Extra-adrenal pheochromocytomas are rare catecholamine-producing tumors that arise from chromaffin cells outside the adrenal glands. We report on the case of a 62-year-old male who initially presented with upper respiratory tract symptoms and was found to have a suprapubic pelvic mass and an asymptomatic right inguinal hernia. The diagnostic evaluation involved an abdominal ultrasound, a CT scan, followed by an MRI, which revealed a well-marginated large mass whose characteristics indicated a retroperitoneal sarcoma. Upon successful surgical resection, the mass was found to be encapsulated and no peripheral structure invasion was present; the right inguinal hernia was repaired, and a double J-stent was placed. Histopathological examination revealed extra-adrenal pheochromocytoma. This case report sheds light on diagnostic and therapeutic challenges when dealing with extra-adrenal pheochromocytomas and the importance of considering them as a differential diagnosis when presented with a case of retroperitoneal mass.

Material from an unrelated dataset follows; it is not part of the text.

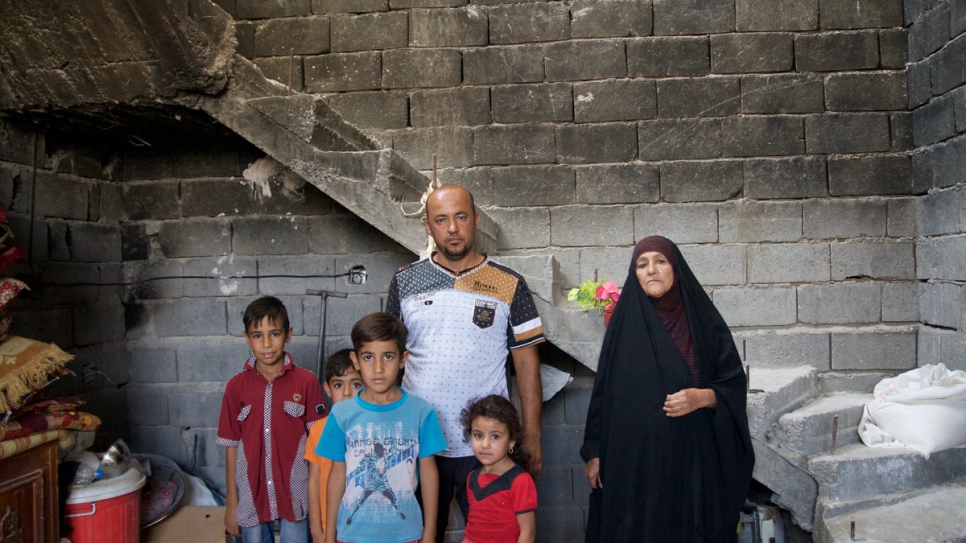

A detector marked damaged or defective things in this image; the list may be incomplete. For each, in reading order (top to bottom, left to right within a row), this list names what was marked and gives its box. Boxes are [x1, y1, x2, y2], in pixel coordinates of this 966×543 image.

damaged concrete wall [912, 0, 966, 370]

肾上腺外嗜铬细胞瘤是一种罕见的分泌儿茶酚胺的肿瘤,起源于肾上腺外的嗜铬细胞。我们报告了一例62岁男性病例,该患者最初表现为上呼吸道症状,随后发现耻骨上盆腔肿块和无症状的右侧腹股沟疝。诊断评估包括腹部超声、CT扫描,随后进行MRI检查,结果显示一个边界清晰的大肿块,其特征提示为腹膜后肉瘤。成功手术切除后,发现肿块有包膜,未侵犯周围结构;右侧腹股沟疝得到修复,并放置了双J支架。组织病理学检查显示为肾上腺外嗜铬细胞瘤。本病例报告揭示了处理肾上腺外嗜铬细胞瘤时的诊断和治疗挑战,以及在遇到腹膜后肿块病例时将其作为鉴别诊断的重要性。